### [RECORDS TO PROCESS]
+ + + + +

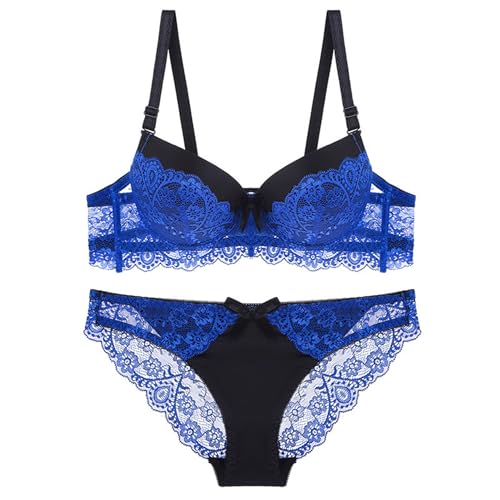 Image of secret lives Polyester Lace Women Bridal Underwire Padded Hipster Lingerie Set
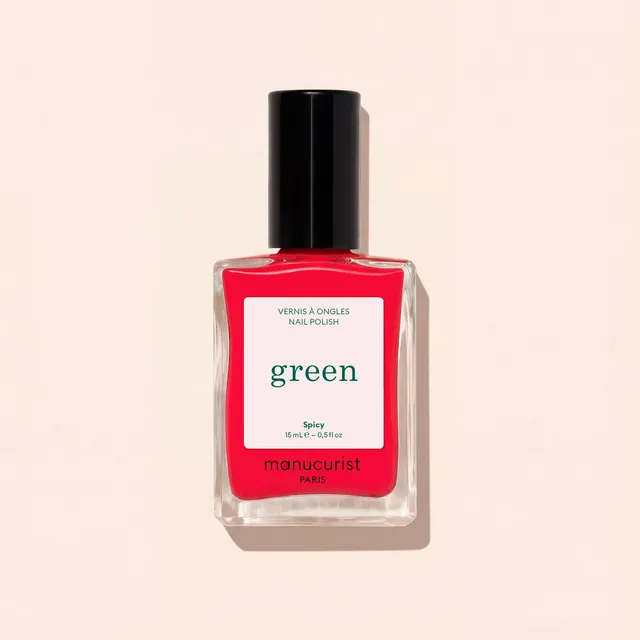 Manucurist Green Spicy vernis à ongles rouge opaque
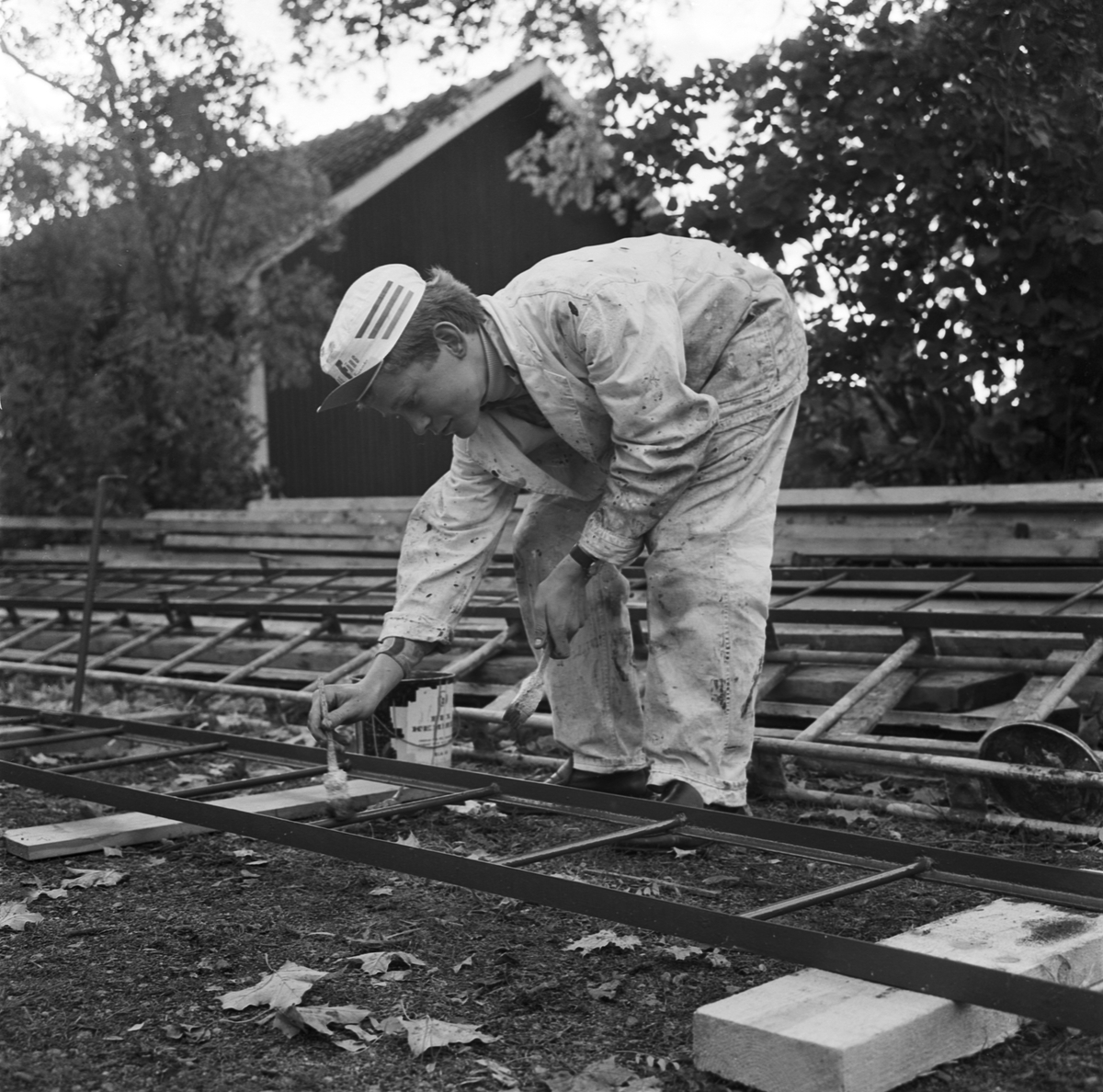 Nedlagd skola i Svanby, Uppland, oktober 1968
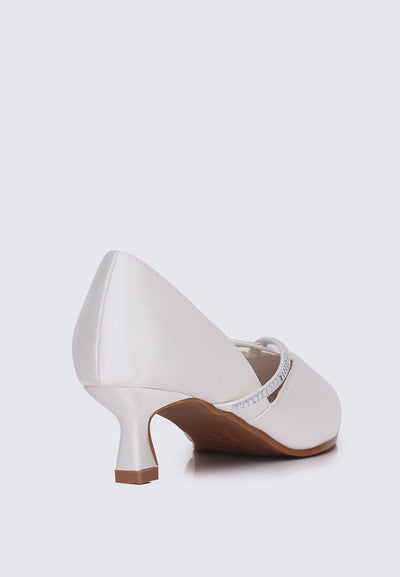 Whitney Comfy Heels In Ivory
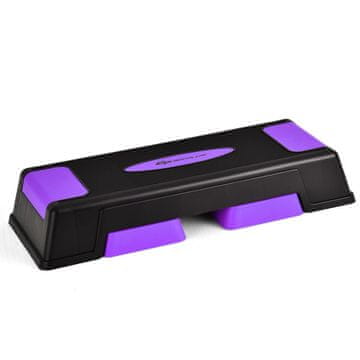 Northix Aerobna step platforma, podesiva visina u 3 razine, ljubičasta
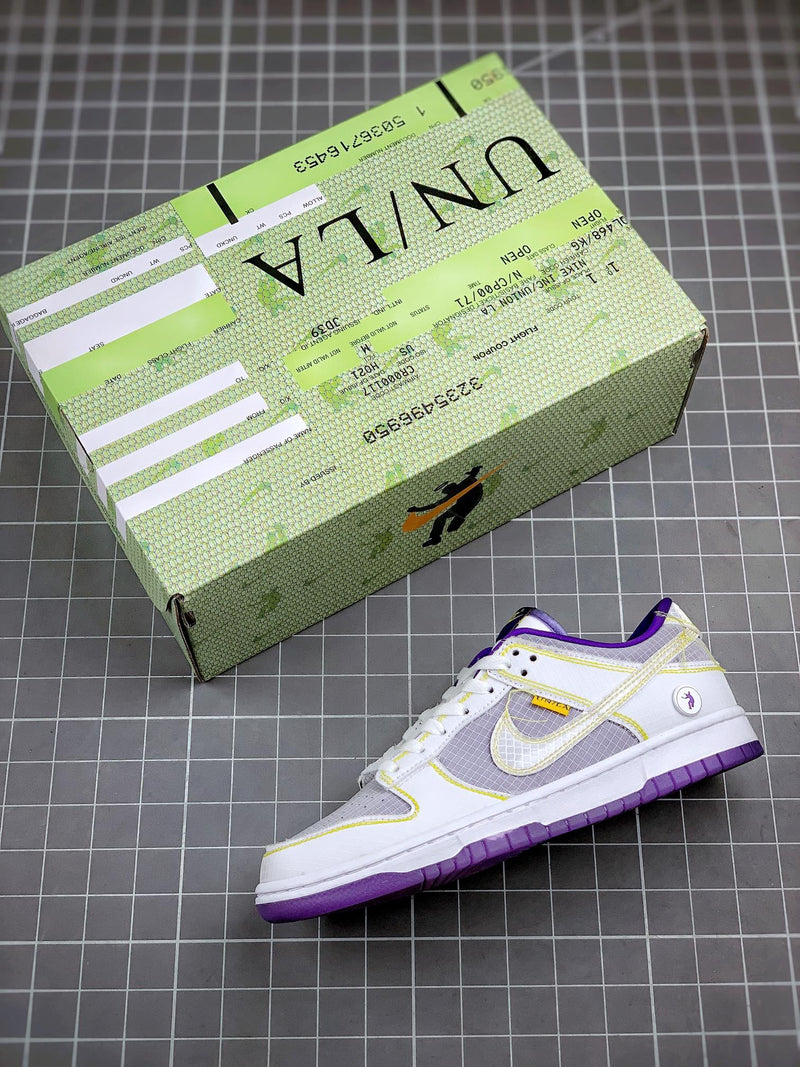 Tênis Nike SB Dunk Low Pro "Union Passport Pack Court Purple " - Rei da Pelada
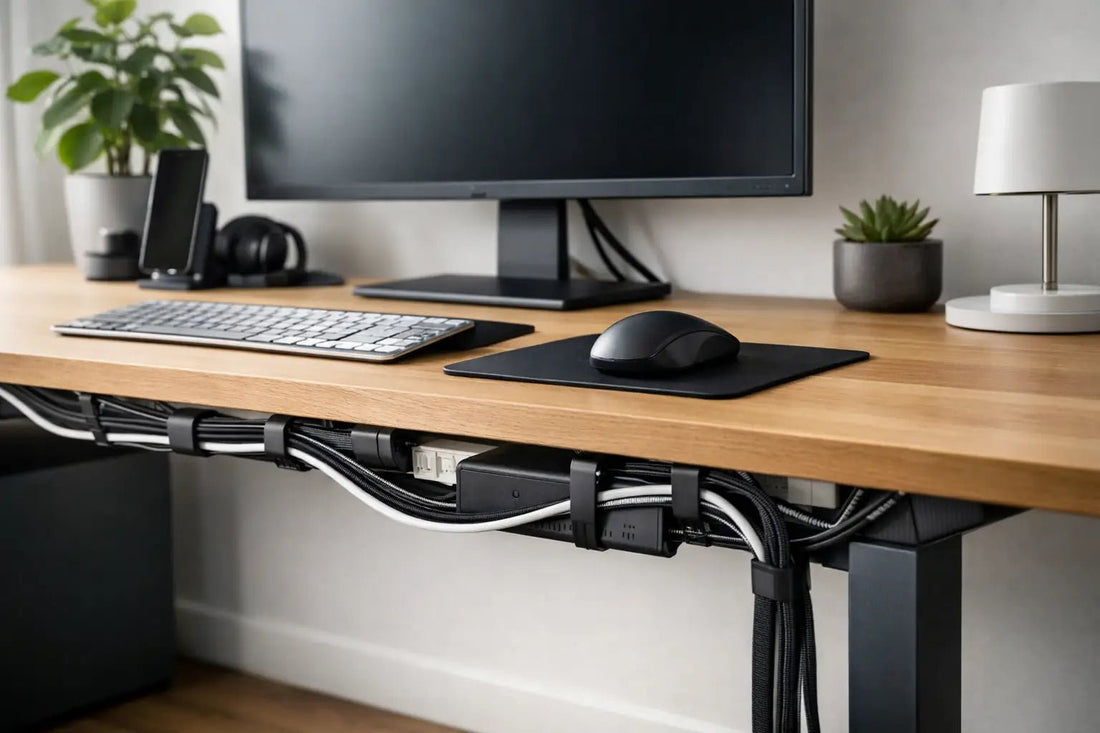 Desk Setup Cable Management Guide for Clean Work - Alberenz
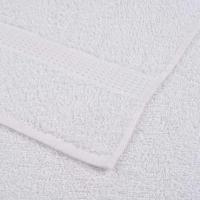 VidaXL Zeepdoekjes 4 st 30x30 cm 360 g/m² 100% katoen wit - thumbnail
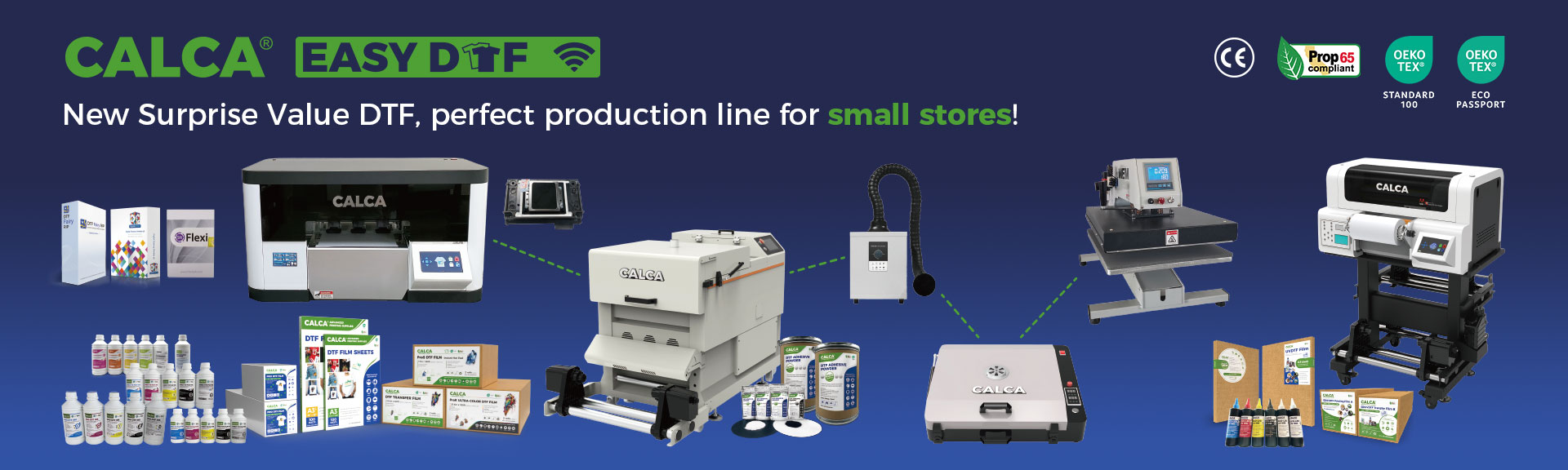 CALCA Advanced DTF System and Supplies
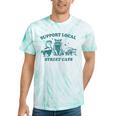 Support Local Cats Tie-Dye T-Shirt - Vintage Skunk Raccoon Theme Mint Tie-Dye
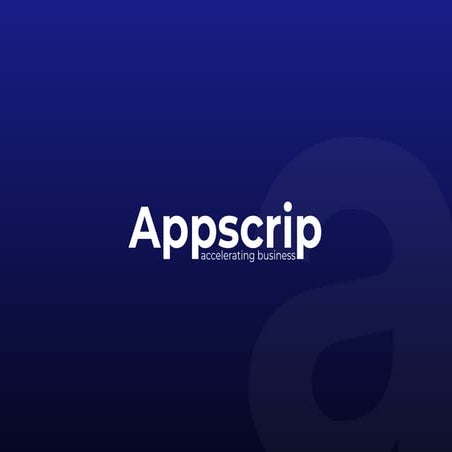 Appscrip- Accelerating Businesses | Company Profile- 2024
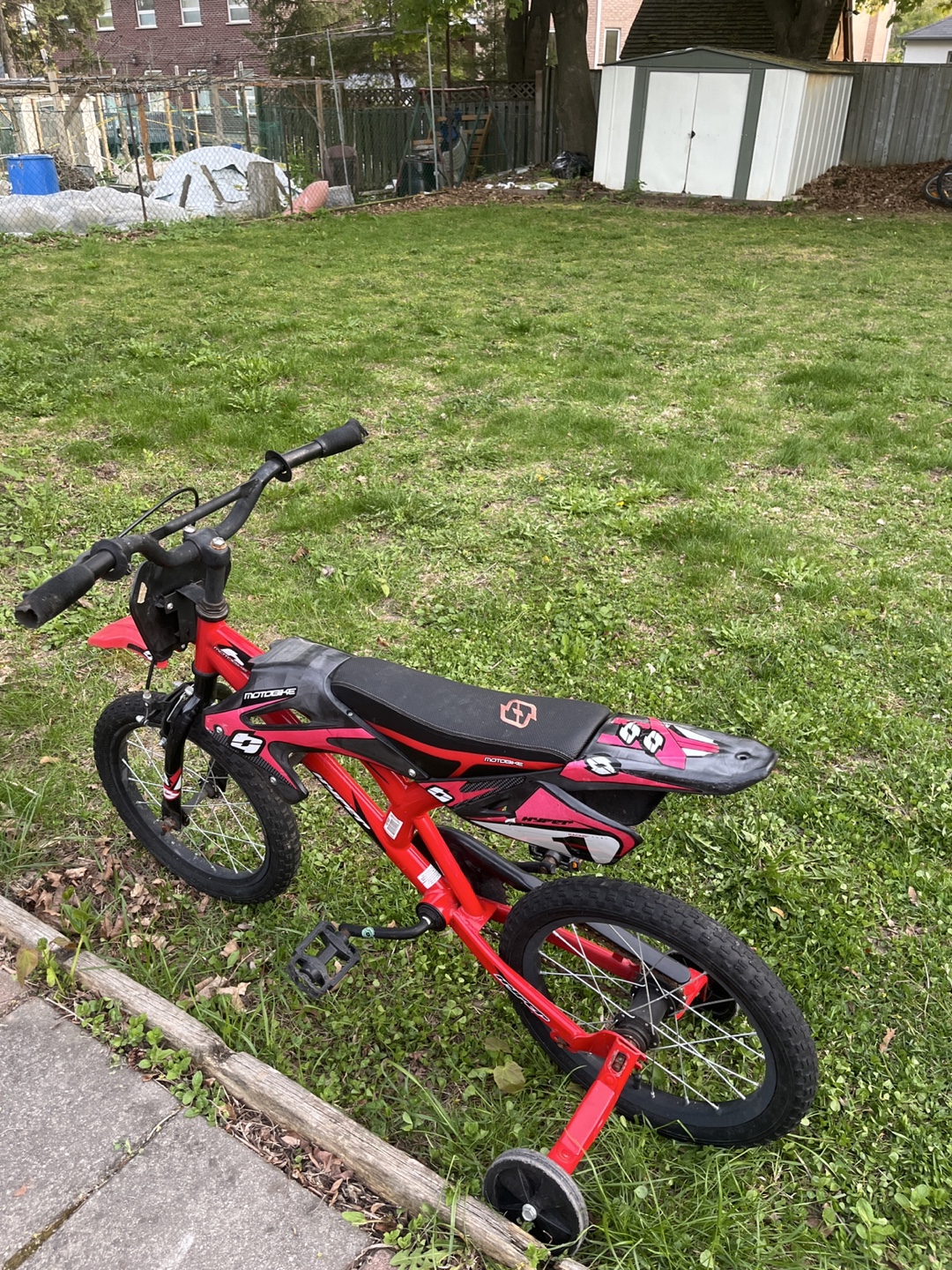 Motobike 16" Kids Bike with Training Wheels - photo 2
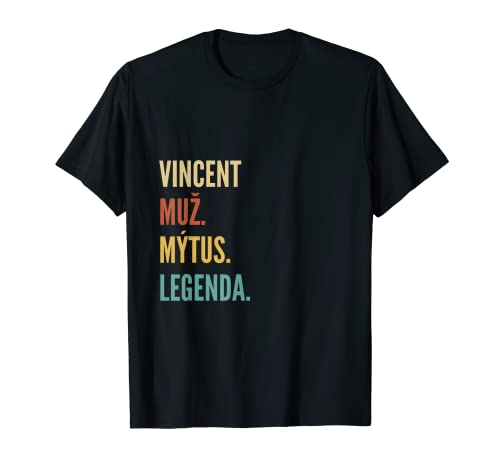 Funny Czech First Name Design - Vincent Camiseta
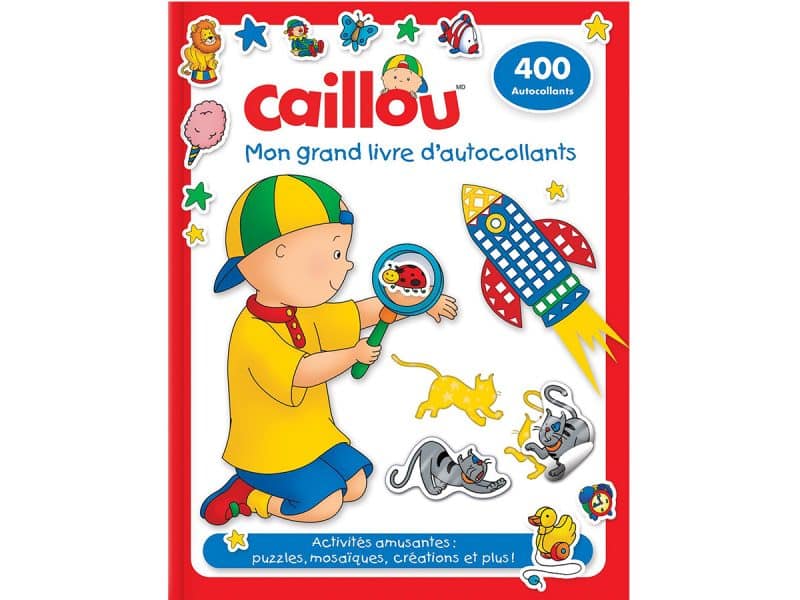 Caillou Mon grand livre d'autocollants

+ + + + +

### [ASSIGNMENT]
Begin the copy at the line containing "Tênis Nike SB" and end it at the final line of the material above, reproducing each line exactly and omitting pictures.

### [RESPONSE AREA]
 Tênis Nike SB Dunk Low Pro "Union Passport Pack Court Purple " - Rei da Pelada
 Desk Setup Cable Management Guide for Clean Work - Alberenz
 VidaXL Zeepdoekjes 4 st 30x30 cm 360 g/m² 100% katoen wit - thumbnail
 CALCA Advanced DTF System and Supplies
 Support Local Cats Tie-Dye T-Shirt - Vintage Skunk Raccoon Theme Mint Tie-Dye
 Appscrip- Accelerating Businesses | Company Profile- 2024
 Motobike 16" Kids Bike with Training Wheels - photo 2
 Funny Czech First Name Design - Vincent Camiseta
 Caillou Mon grand livre d'autocollants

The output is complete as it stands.